Cannings once thought of Taiwan as nothing other than a place elsewhere. He first came to Tainan in 2002, after graduating from the University of Oxford with a degree in philosophy and German literature. He was searching for time and space to discern what he really wanted to do while teaching English to keep the lights on. By Cannings’s admission, his life was mostly removed from Taiwanese society. He would have ended up teaching English in China were it not for the onerous restrictions on speech in the classroom.
But Cannings had a burning curiosity about his surroundings, soon becoming aware of the vast gap between his world and the world that is experienced in Chinese. Noticing that Taiwan has an active literature reading public, more than his home in the United Kingdom, further piqued his interest in entering this world.
Establishing Camphor Press was not yet on the horizon. The gears only started to turn when he took a “window-dressing” job at a shady cable television company, hired simply because his boss wanted to have a native English speaker on staff for appearances’ sake. Largely left to his own devices, he used the time to learn the basics of coding for the web, something that would later prove useful for preparing ebooks.

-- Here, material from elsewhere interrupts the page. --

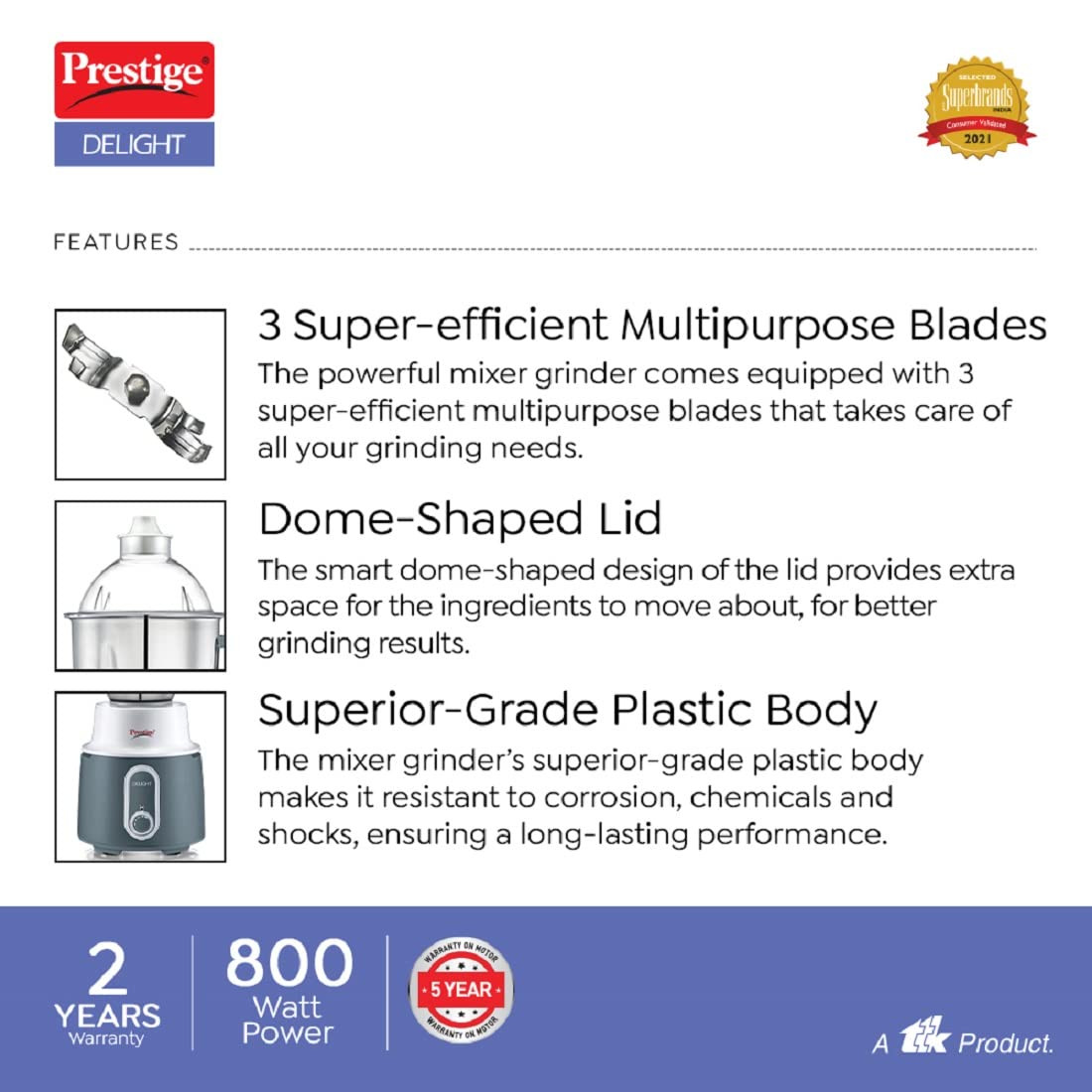 Prestige Delight Mixer Grinder 750 W With 3 Stainless Steel Jars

Though Cannings said it was not quite a “bullshit job,” it was still “an odd situation, but a happy one.” It afforded him a regular salary and eight hours a day in front of a computer.

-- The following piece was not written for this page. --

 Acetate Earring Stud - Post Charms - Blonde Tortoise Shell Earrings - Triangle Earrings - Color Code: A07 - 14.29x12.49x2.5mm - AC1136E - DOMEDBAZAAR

Around the same time, in the mid-2000s, Cannings encountered a travel book by John Grant Ross, a longtime resident and writer. They began a correspondence, and kindled a friendship that thrives on their political differences — Cannings is on the left, while Ross is conservative — yet shared appreciation for books and Taiwan.
It was through discussions between the two that the idea for starting a publishing company came about. Cannings would take on most of the administrative responsibilities, while Ross would handle acquisitions and development. They brought on a third hand, Mark Swofford, for copy editing, and formally broke ground as a company in February 2014.
Regional Aspirations
The “concern,” as Cannings called Camphor and other publishing houses, has seen a good amount of success over the last six years. They are particularly proud of publishing their first print book in 2016, T.C. Locke’s (also known as T.C. Lin) Barbarian at the Gate, the autobiography of an American who became a Taiwanese citizen, and was conscripted into the Republic of China military.

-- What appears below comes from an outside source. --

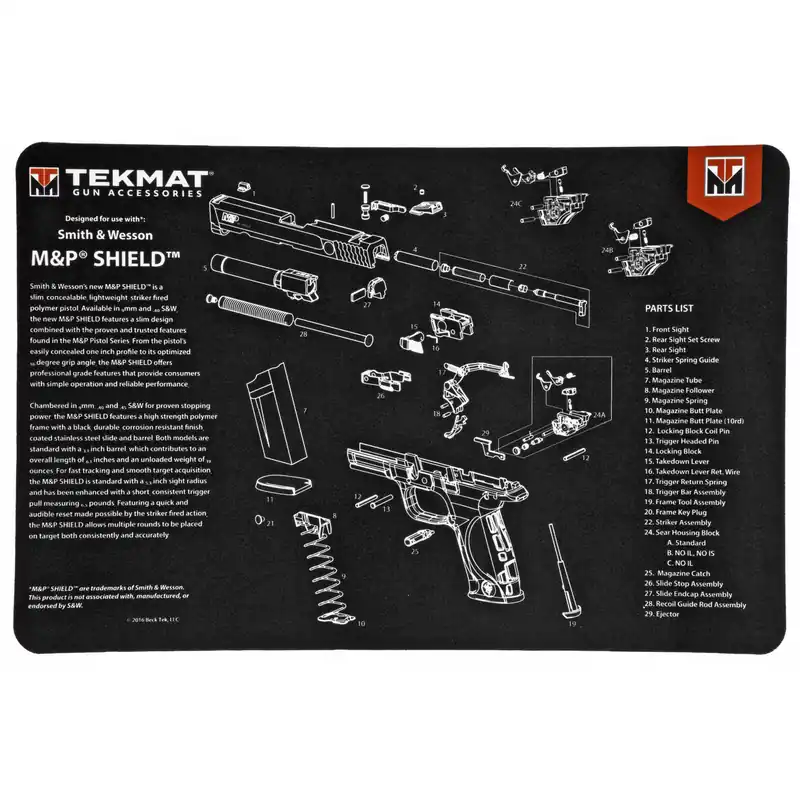 TEKMAT Pistol Mat for S&W M&P Shield - Black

In 2017, Camphor acquired the back catalog of a press called Eastbridge, which boasted of titles by the Nobel Prize Laureate Pearl S. Buck, a number of academic books, and the English translation of one of the best-selling books in the Korean language, Everlasting Empire.
This book is a showpiece in Camphor’s ambitions to expand to other countries in East Asia, as many of the same reasons for Taiwan’s relative isolation from the English-speaking literary world apply to East Asia at large. This, too, comes from a recognition that the market is still too small for exclusively Taiwan-related materials. Their best selling book, however, is an evergreen subject for Taiwan, The China Invasion Threat by Ian Easton.
Cannings expressed a desire to broaden the diversity of authors, saying that Camphor would benefit from broader representation across society. To this end, Camphor Press is seeking to publish more translations and encouraging submissions from a wider range of writers.
The success of Camphor is borne out in Cannings’s decision to start working full time on the project this year. The publishing house has 36 books planned for the coming year, with Cannings working from his home in the U.K., and Ross and Swofford from theirs in Taiwan.
Choosing the name “Camphor” for their press was, at root, aspirational. In the 19th century, camphor was one of Taiwan’s main exports, used in smokeless gunpowder, and for preserving and seasoning food. “Camphor permeated society,” Cannings said, “and not just in Taiwan.”